Defining privileged methods in constructors also has a disadvantage, that is, you must use the constructor mode to achieve this purpose, the disadvantage of the constructor mode is that the same group of new methods will be created for each instance. This problem can be avoided by using static private variables to implement privileged methods.

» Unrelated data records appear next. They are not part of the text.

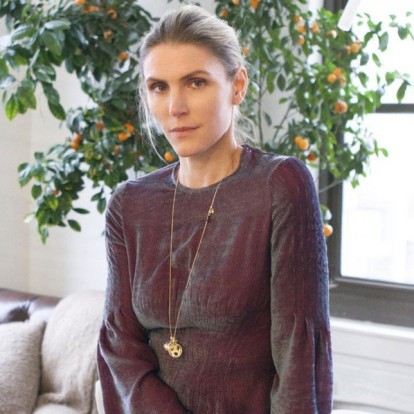 Gabriela Hearst: Ποια είναι η νέα καλλιτεχνική διευθύντρια του οίκου Chloé που θα παρουσιάσει την πρώτη της συλλογή τον ερχόμενο Μάρτιο;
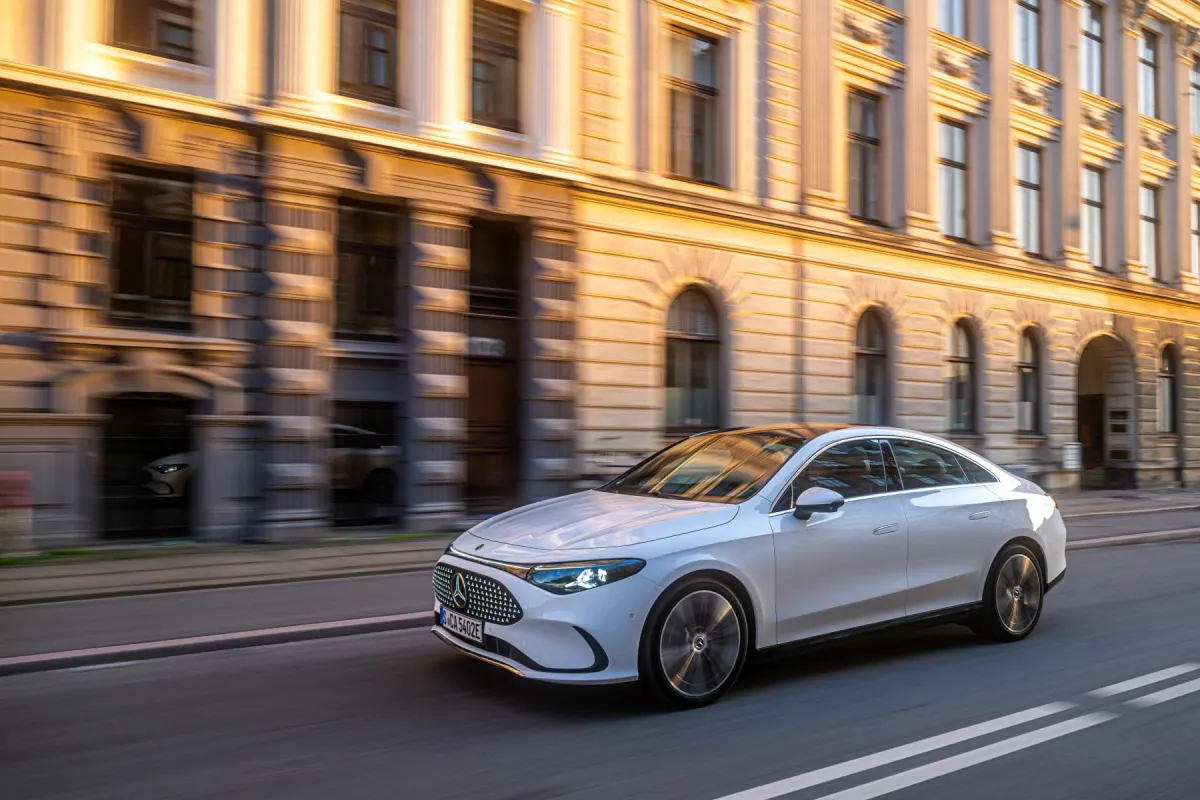 Mercedes CLA berline électrique blanche, en mouvement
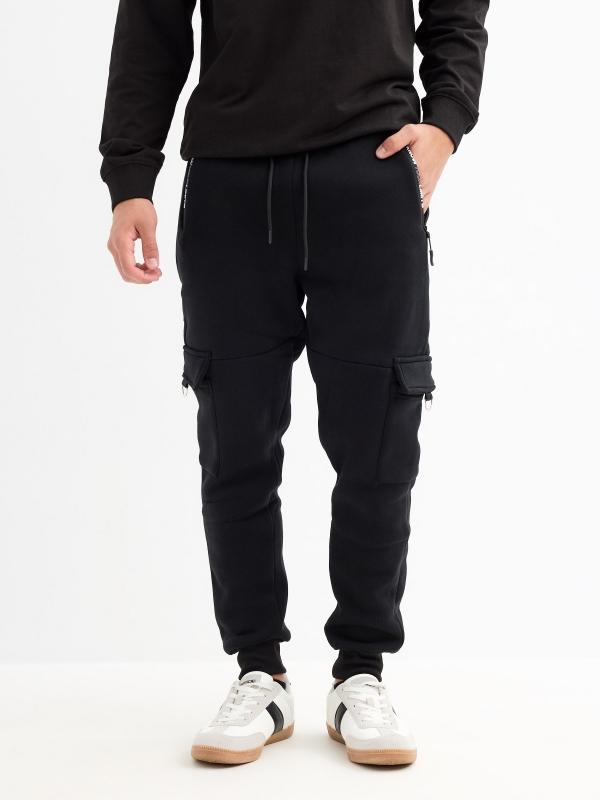 In Side Pantalón Jogger Deportivo Negro Multibolsillos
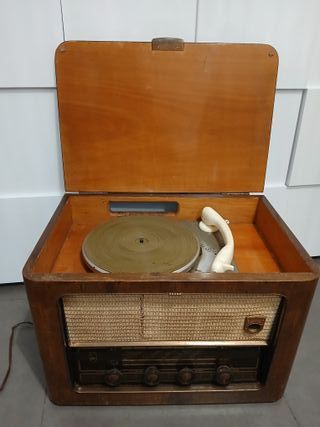 Antica Radio Vintage A Valvole Con Giradischi Radi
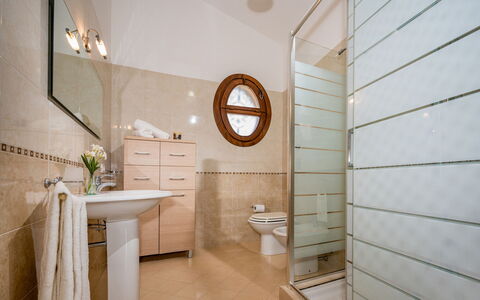 Villa delle Sirene 6: Flooring, Interior Design, Fussboden, Armatur, Badezimmer, Beleuchtung, Spiegel, Installation, Zimmer, Zuhause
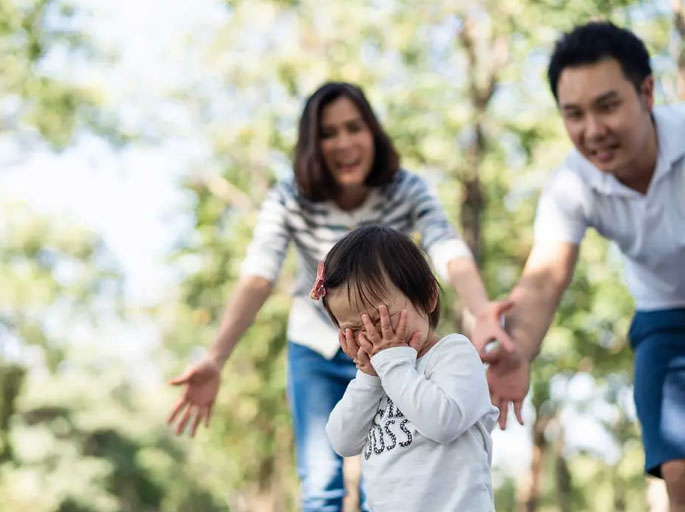 9 hành vi cha mẹ làm với mục đích tốt đẹp nhưng lại khiến trẻ chống đối và xa cách gia đình- Ảnh 4. 9 hành vi cha mẹ làm với mục đích tốt đẹp nhưng lại khiến trẻ chống đối và xa cách gia đình- Ảnh 4.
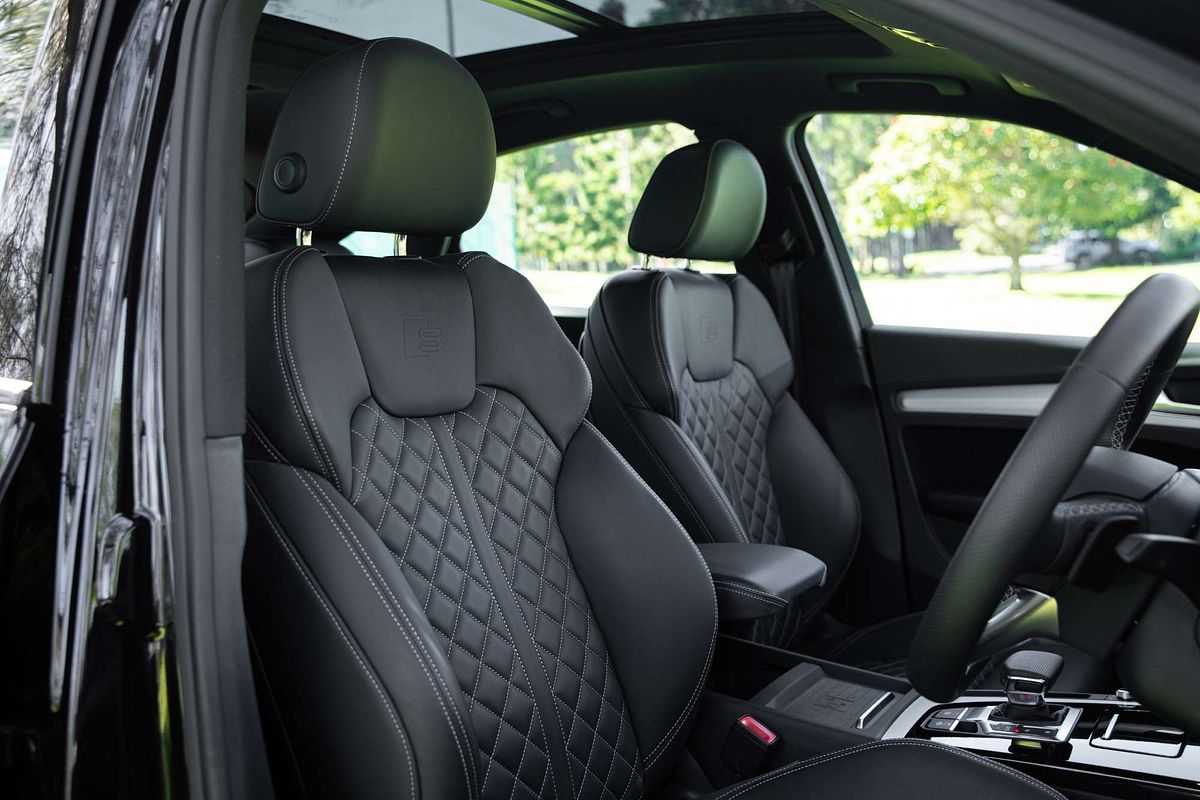 2024 Audi Q5 45 TFSI S line FY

(2) Static private variables
You can also create a privileged method by defining private variables or functions in a private scope. The basic mode is as follows:
(Function () {var name = ''; // Static Property shared by all instances: Person = function (value) {// global constructor name = value ;} person. prototype. getName = function () {// public/privileged method return name;} Person. prototype. setName = function (value) {// public/privileged method name = value ;}}) (); var person = new Person ("zoumiao"); alert (person. getName (); person. setName ("zouzou"); alert (person. getName (); var person1 = new Person ("zou"); alert (person1.getName (); // "zou" alert (person. getName (); // "zou"
The difference between this mode and the privileged method defined in the constructor is that private variables and functions are shared by instances.